2 de jun. de 2007

Jabor (já foi) contra a corrente

Opinião Publica de Arnaldo Jabor destoa do tom geral dos filmes sobre a ditadura militar. Sem menção explícita ao Estado autoritário, Jabor faz uma minuciosa colagem de cenas documentais de uma suposta "classe" da sociedade brasileira, a classe média.
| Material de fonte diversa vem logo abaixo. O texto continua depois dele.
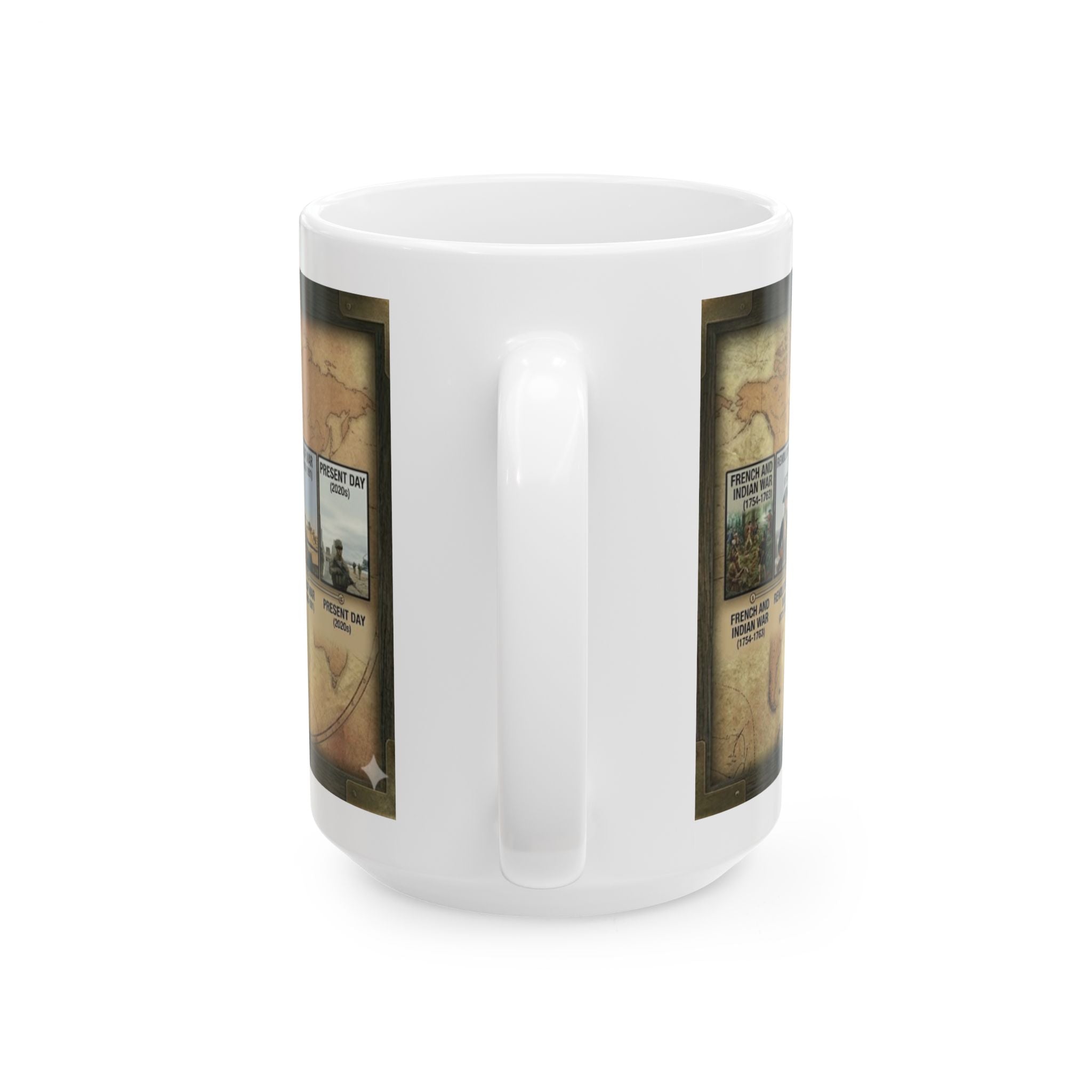 Historical Wars Timeline Ceramic Mug — Illustrated U.S. Conflicts Timeline (11oz, 15oz)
Entrecortado entre os mais diversos embarços cotidianos, o que se monta é um quadro de decadência da sociedade brasileira, marcada pelo seu conservadorismo, machismo e suas pequenas violências cotidianas. Desde a mulher que faz um balanço negativo de sua vida, narrando a decadência material de sua casa e sua família, enquanto o marido vivia em "farras", até a vedete ensinando as meninas "recatadas" o que é o amor, encontramos uma sociedade convulsionada e decadente, muito diferente das cenas combativas que estamos acostumados a ver nas centenas de filmes que abordam a luta armada.

O filme de Jabor ilustra um pouco o povo que as organizações de esquerda nunca encontraram na sua luta. A partir do filme, fica mais evidente o grau de descolamento existente entre as expectativas desses grupos e o seu poder de recepção por uma sociedade que, se não era um espelho não menos podre da ditadura que os governava, tinha com esse governo muitas afinidades, expressas não na vida pública ou nas idéias políticas, mas na sua miséria privada.


Um documento precioso pela sua peculiaridade na filmografia da ditadura, o filme faz um contraponto com a hipertrofia existente nos filmes e livros, da força das lutas contra a ditadura militar no Brasil. Na época em que foi feito, em 1967, o filme poderia ter gerado repulsa ou vergonha. Hoje, certamente nos permite perceber uma certa continuidade com o período ditatorial, insistentemente visto como um hiato e não como uma constante na história brasileira. A continuidade com o período se expõe na precariedade da sociedade brasileira, sempre passível à crise, ao autoritarismo e à fome.

Com as lentes voltadas para o "povo", para a "opinião pública" ou para a "classe média" Jabor documenta uma sociedade brasileira cristalizada, muito atual, que insiste em desafiar as transformações institucionais que se realizaram desde a abertura política em 1979 com a anistia até a vitória de Lula para a presidência da república.

Fica um engasgo difícil de entender. Por que, diabos, o Brasil muda tanto e continua sempre igual, decadentemente igual na sua desigual ditadura econômica e social, pública e privada?